First things first, a full frame (35.8*23.9mm) camera is now a lot more affordable. Five years ago, a full frame camera would cost you about RM8,000 or more and only professional photographers would consider buying them. These days, a full frame camera like the Canon EOS 6D or Nikon D600 is only about RM6,000.
My 40D has an ISO range between 100 and 3200 and I would not go beyond 1250 unless I have no choice. My new 6D is now capable of going up to 102400, a whopping 32 times of my previous camera’s maximum ISO value. I have yet to push the 6D to its maximum potential, but looking at the images shot at ISO3200, I am sold.
There are a few cameras in the market that come with built-in Wi-Fi and GPS. One can now post photos to social media sites like Facebook, Twitter and Instagram via the camera itself as long as you have a hotspot to connect to. While the 6D is not ready to do just that yet, one can connect to the camera via its Wi-Fi and copy the photos to a computer or a smartphone wirelessly.
For iOS and Android users, there is an app that allows you to control your camera wirelessly and take a photo via your smartphone. The lens aberration correction feature is one of the features not found in my old camera.
The camera will detect the lens attached to its body and automatically makes adjustment to the images by compensating the lens’ technical flaws (such as peripheral illumination and chromatic aberration) and present users with a less technically flawed photo.
Also, you can now edit RAW images in-camera and export ready-to-use images. I no longer have to spend an additional 10 minutes fine-tuning my RAW images in Adobe Photoshop.
Back in the old days, I needed a RM20 spirit level to ensure my landscape photos are perfectly straight when shooting on a tripod. To my surprise, there is a built in single axis electronic level in my 6D. It would beep and turn green when the camera is perfectly aligned to the horizon.
These are just some of the newer features that were not found in my old camera.
My new camera can now shoot 1080p full high definition video, has a beautiful 3” LCD screen that has 104K dots, has +-5EV (exposure compensation), HDMI output, can now control my speedlite wirelessly through radio frequency and many other new features that I never thought possible five years ago.

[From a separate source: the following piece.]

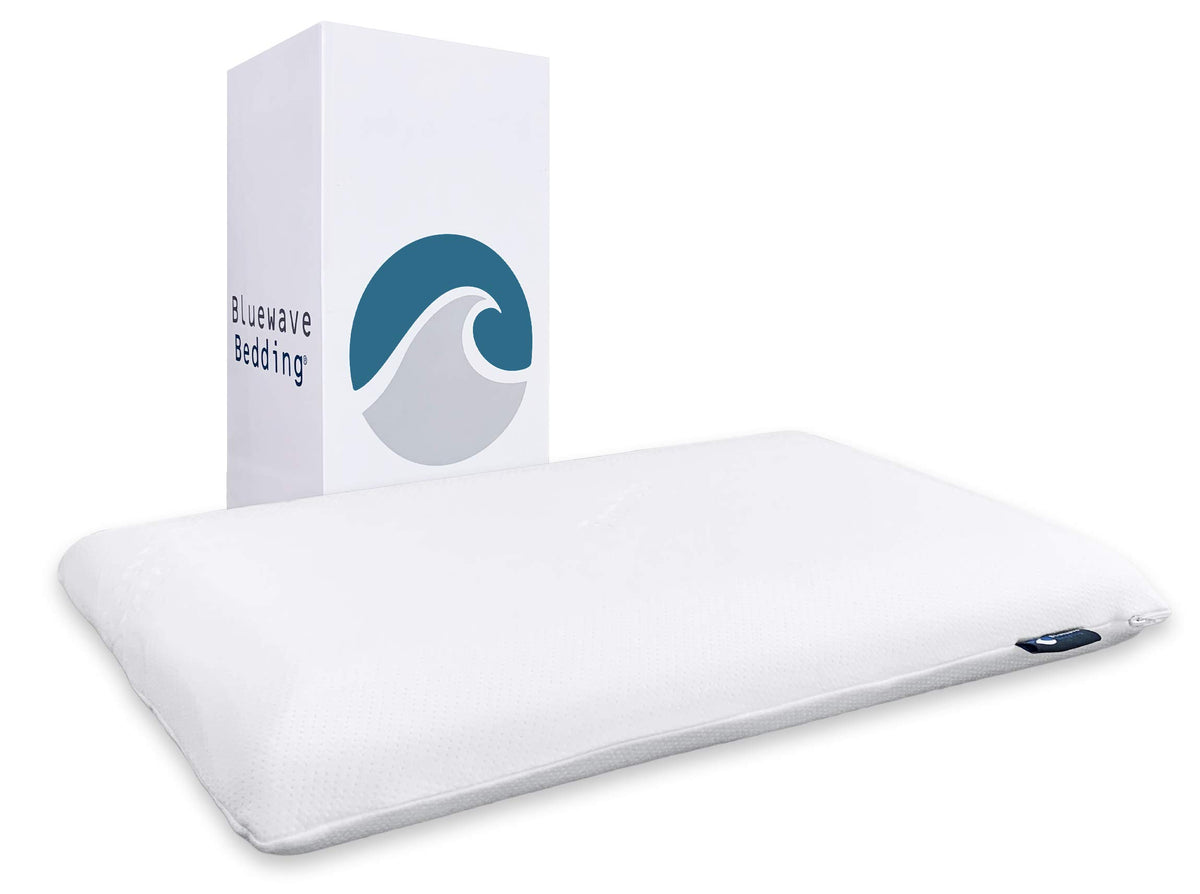 Bluewave Bedding Super Slim Pillow being opened to air out odor for refresh.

However, I am not sure if it is a good thing for newcomers as they might not see the need to understand the technical aspects of photography any more.
What have I missed over the last five years? A lot, but I do not regret not upgrading my camera sooner as my old camera, while technologically lagging, trained and pushed me to find ways to overcome its shortcomings and understand photography better.